Türkiye'deki firmanın yurtdışında bağlantılı olan şirketinde çalışmaya başlayan ücretliye, Türkiye'deki firma tarafından ücret ödemesi yapılmakta ve vergi tevkifatı Türkiye'den yapılmaktadır. Ancak çifte vergilendirmeyi önleme anlaşmaları gereğince ücret ödemelerinde vergileme hakkı mukimliğe göre belirlenmekte ve belirlenen süreyi yurtdışındaki ilgili ülkede geçiren ücretliden yurtdışında da vergi alınabilmektedir. Şayet sadece Türkiye'den veya yurtdışından ücret ödemesi yapılmış olsa ve sadece ödemeyi yapan ülkedeki işveren tarafından tevkifat yani vergileme yapılmış olsa bir sorun olmayacaktır. Bazı durumlarda da grup firması adına yurtdışındaki şubede geçici süre çalışan personele asıl ücret ödemesi Türkiye'den ancak bazı kısmi ödemeler de yurtdışından yapılabilmektedir.

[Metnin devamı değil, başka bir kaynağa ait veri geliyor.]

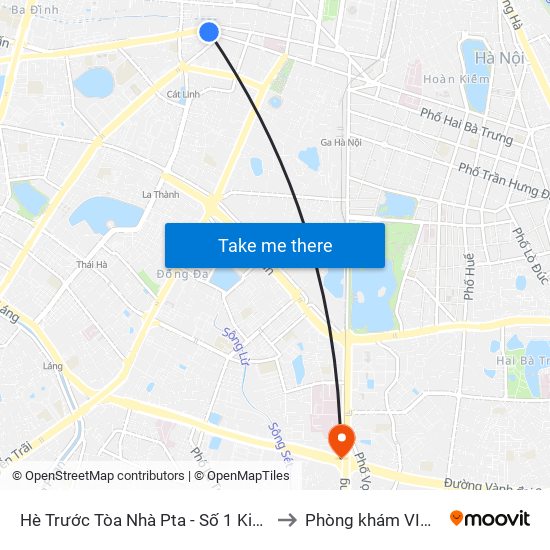 Hè Trước Tòa Nhà Pta - Số 1 Kim Mã to Phòng khám VIP 12 map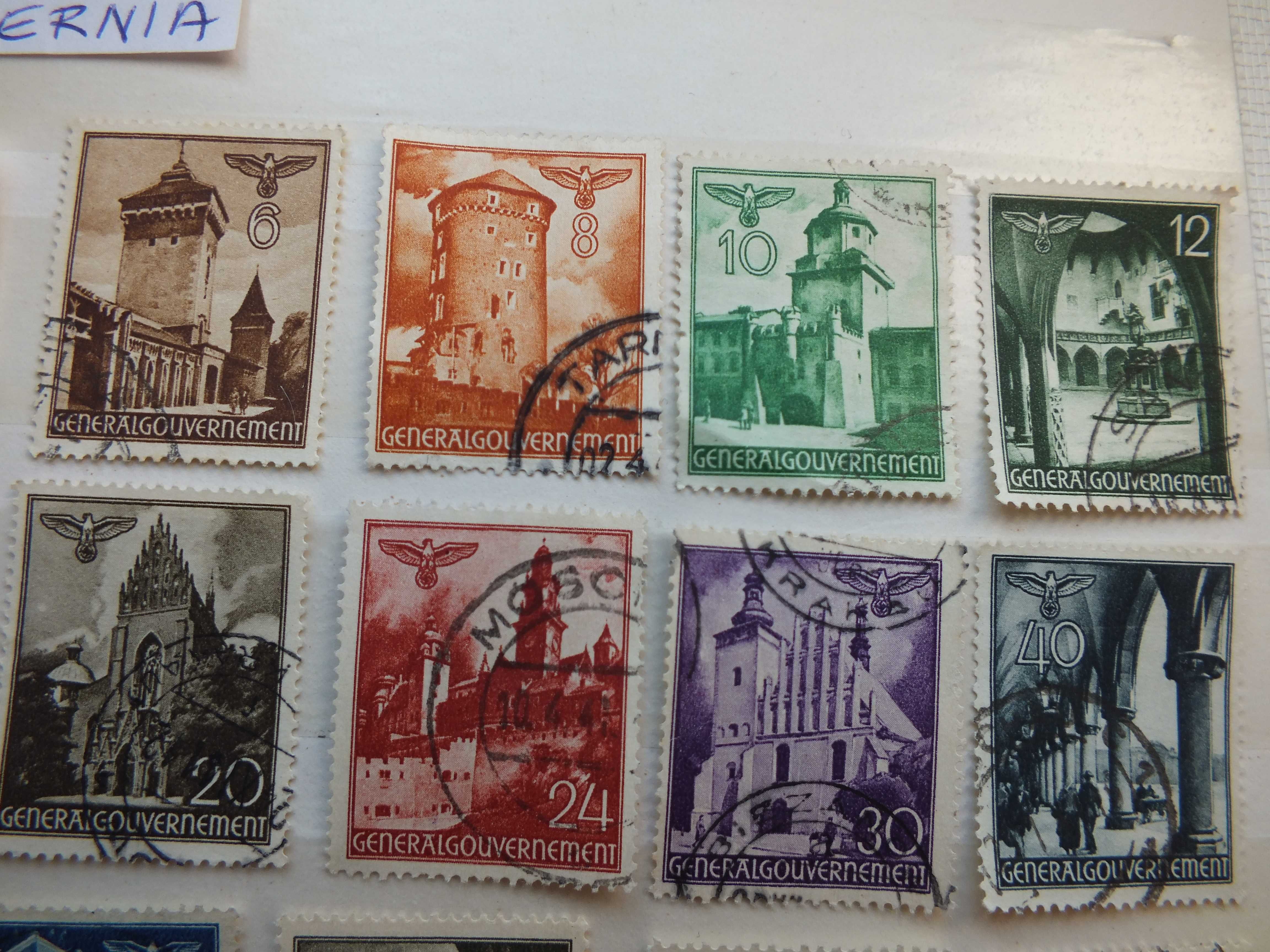 12szt. znaczki seria Fi40 GG Niemcy 1940r. KRAKÓW Swastyka,Gapa Rzesza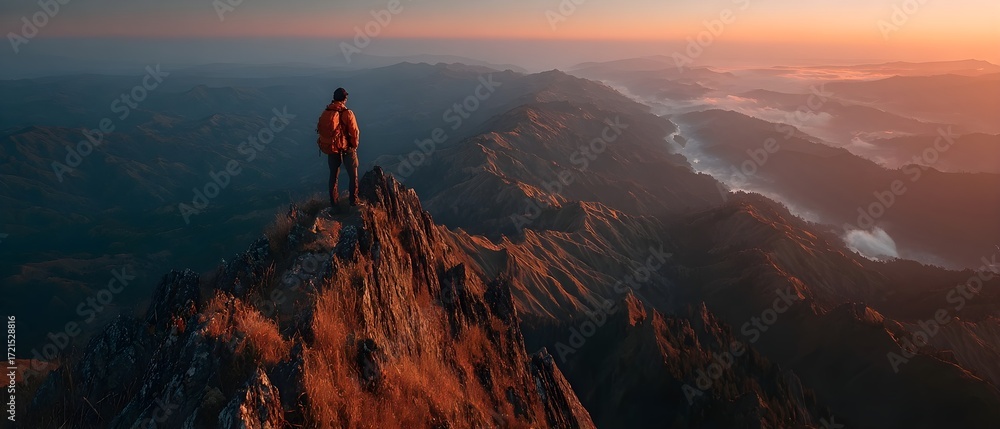 Fototapeta premium Peaceful Sunset Over Mountain Ridge and Rolling Hills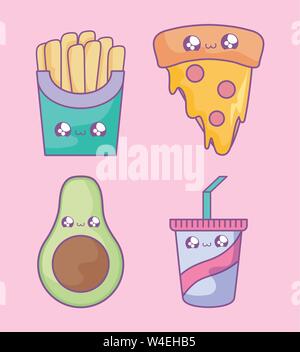 Le patatine fritte con la pizza e il set di icone di stile kawaii illustrazione vettoriale design Illustrazione Vettoriale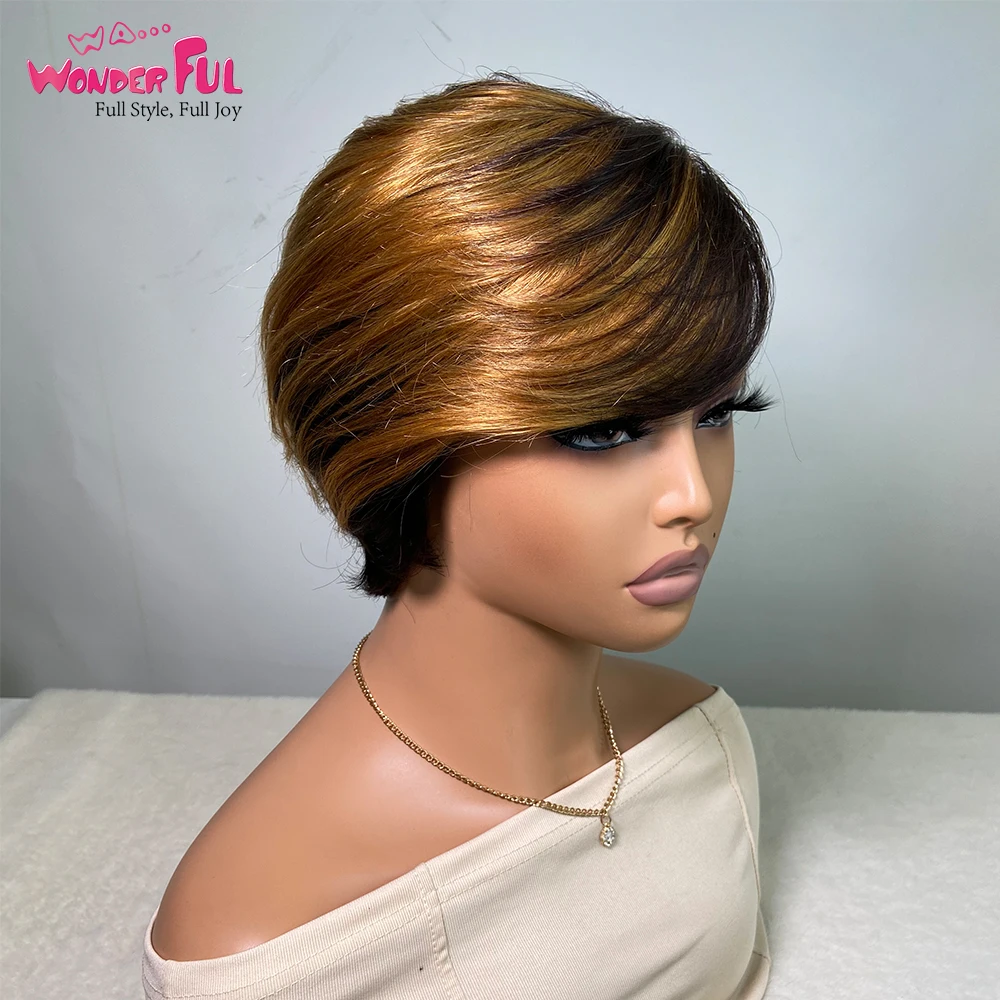 Pixie corta peruca de cabelo humano com franja para mulheres, cabelo brasileiro curto, cabelo remy, sem cola e reto, destaque loiro dourado,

- İŞVERENLER TARAFINDAN ÇALIŞANLARA YAPILAN ÜCRET ÖDEMESİNİN VERGİLENDİRİLMESİ
İşverenler, hizmet erbabını işe alan, emir ve talimatları dahilinde çalıştıran gerçek ve tüzel kişilerdir. Ücret ise, işverene tabi ve belirli bir iş yerine bağlı olarak çalışanlara hizmet karşılığı verilen para ve ayınlar ile sağlanan ve para ile temsil edilebilen menfaatlerdir. Kişinin Türkiye'de elde ettiği ücret gelirinin vergilendirilmesi, 193 sayılı Gelir Vergisi Kanunu'nun 61, 62, 63, 94, 103 ve 104. maddelerine göre nakden veya mahsuben ödeme anında vergi tevkifatı suretiyle yapılmaktadır. Ücret ödemelerinin genel vergilendirme sistemi olan tevkifat yani stopaj (kesinti) yönteminde GVK'nın 94. maddesinin birinci fıkrasında sayılan kişi ve kuruluşlar maddede sayılan ödemeleri (avans olarak ödenenler dahil) nakden veya hesaben yaptıkları sırada, istihkak sahiplerinin gelir vergilerine mahsuben tevkifat yapmaya mecburdurlar.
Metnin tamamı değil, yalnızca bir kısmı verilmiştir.